▸ **What to produce**: With pictures left out, set down exactly the lines that begin at the one containing "Blue Striped Frills Shirt Dress" and end with the last line of the entries below.

▸ **Data shown**:

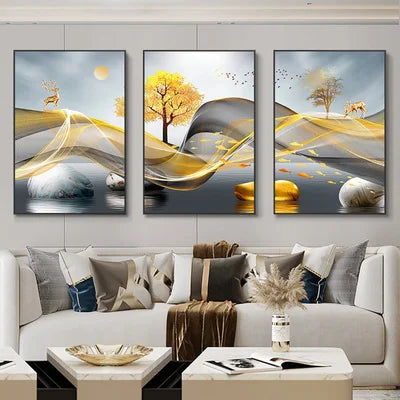 Luxury Ribbon Abstract Wall Art Landscape Modern Poster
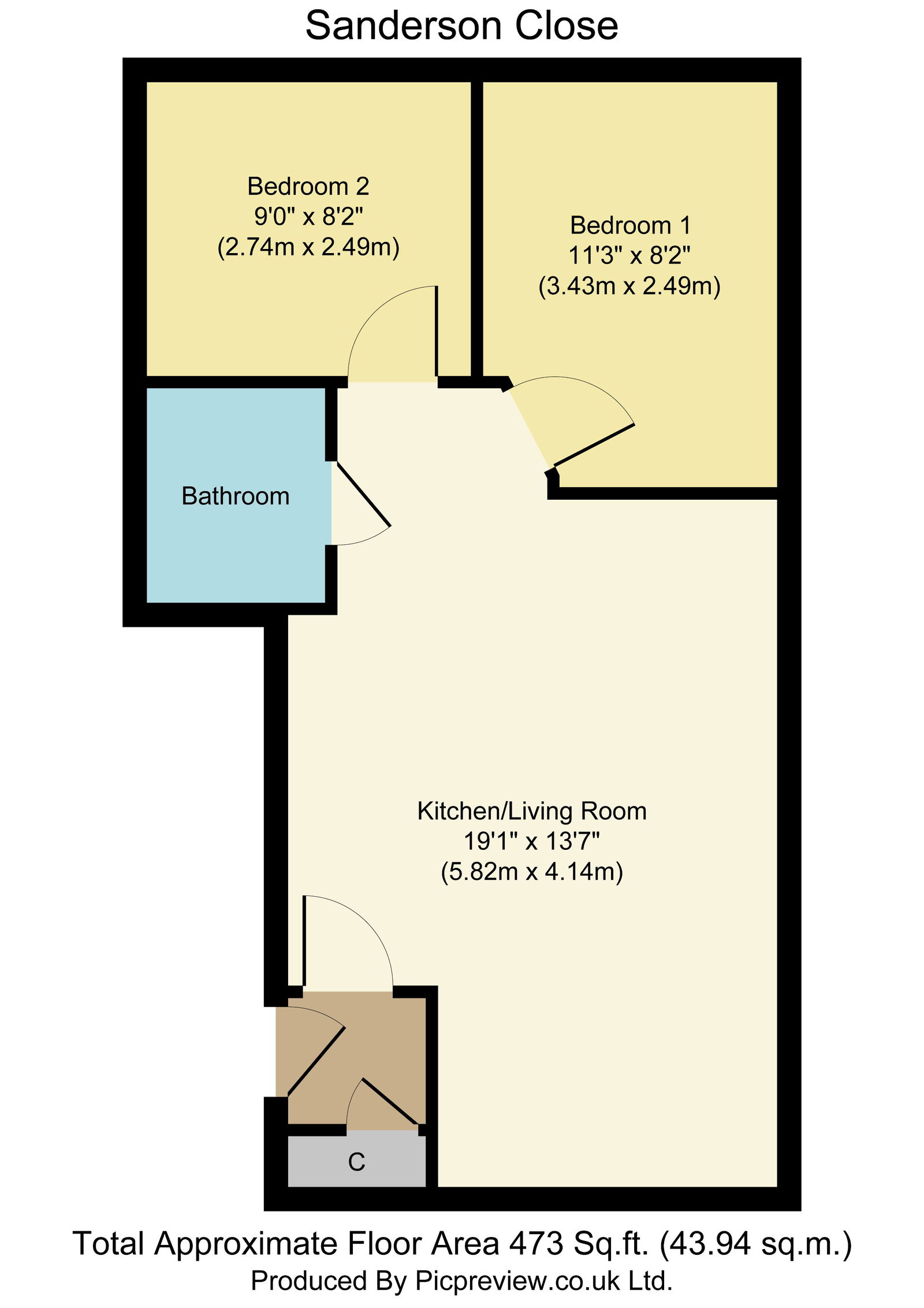 23,Flat 3, Sanderson Close, Hull floorplan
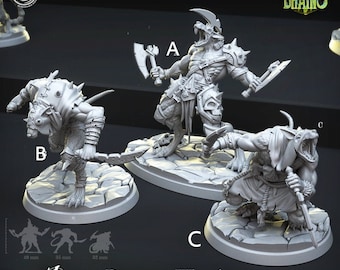 Ratfolk Krieger Miniaturen - CastNPlay | Skaven Kämpfer Modelle | Dungeons und Drachen | DnD | Wargaming | 'Enter the Drains'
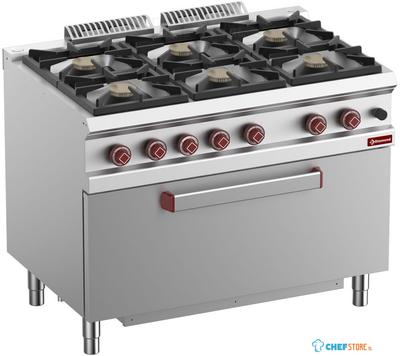 Fornuis 6 Branders - Maxi Gasoven 1 Groote Deur - Diamond G7/6BFM11-N 1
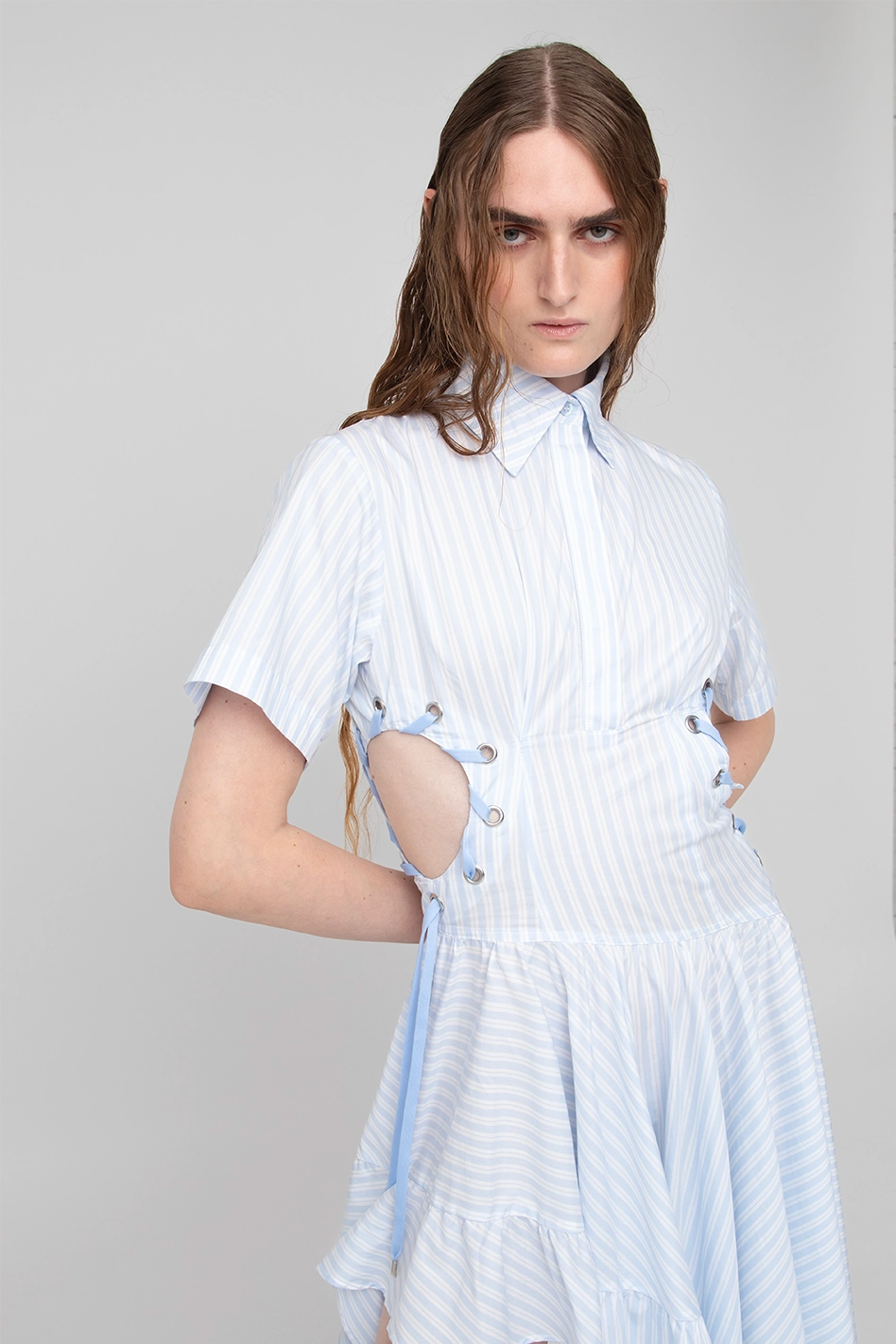 Blue Striped Frills Shirt Dress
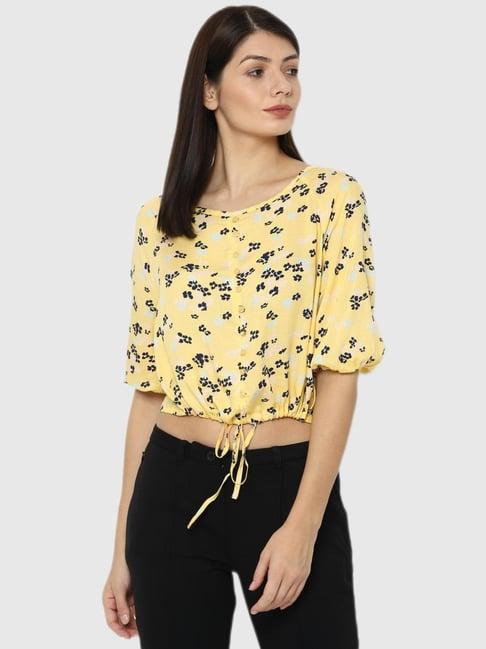 allen solly yellow printed top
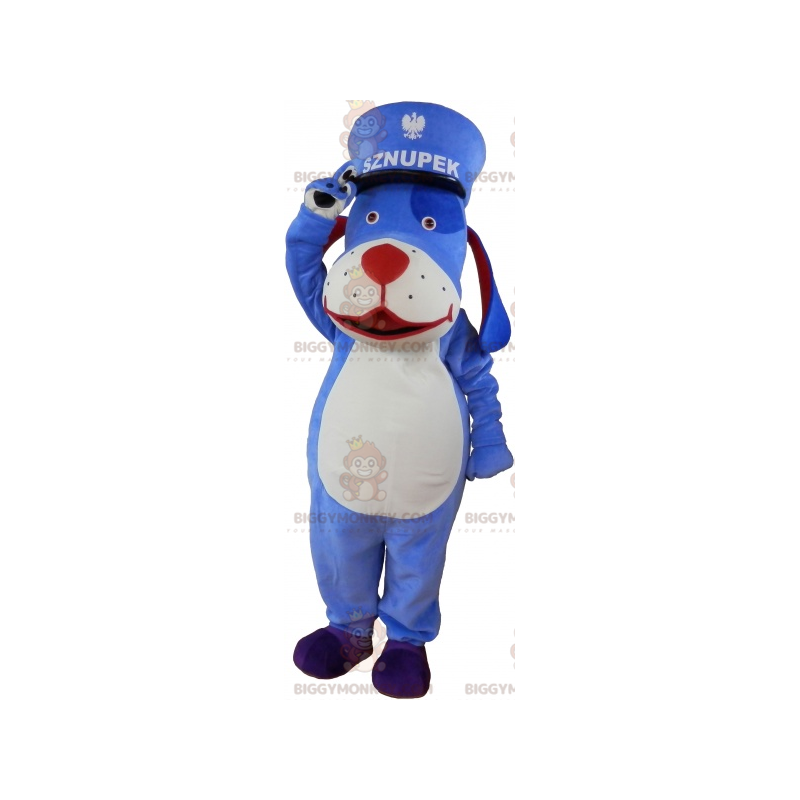 Traje de mascote BIGGYMONKEY™ de cachorro azul e branco com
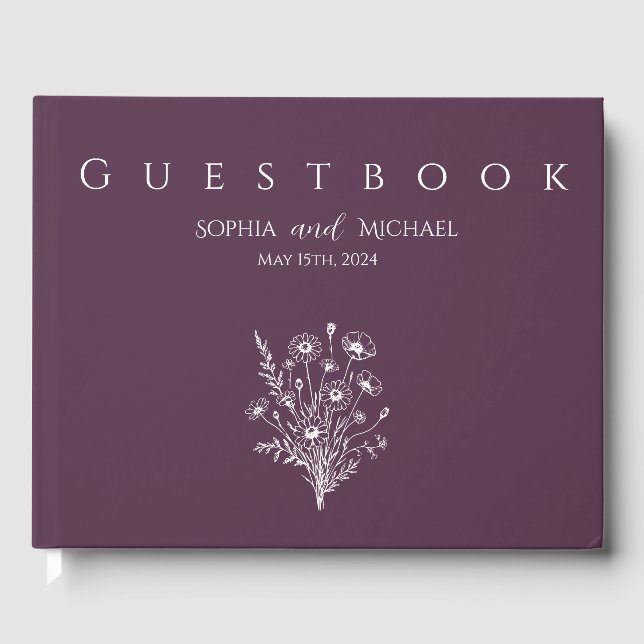 Visitas Libro de Wildflower Elegance-Guest (Anverso)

▸ **Output of the exercise**:
 Blue Striped Frills Shirt Dress
 allen solly yellow printed top
 Traje de mascote BIGGYMONKEY™ de cachorro azul e branco com
 Visitas Libro de Wildflower Elegance-Guest (Anverso)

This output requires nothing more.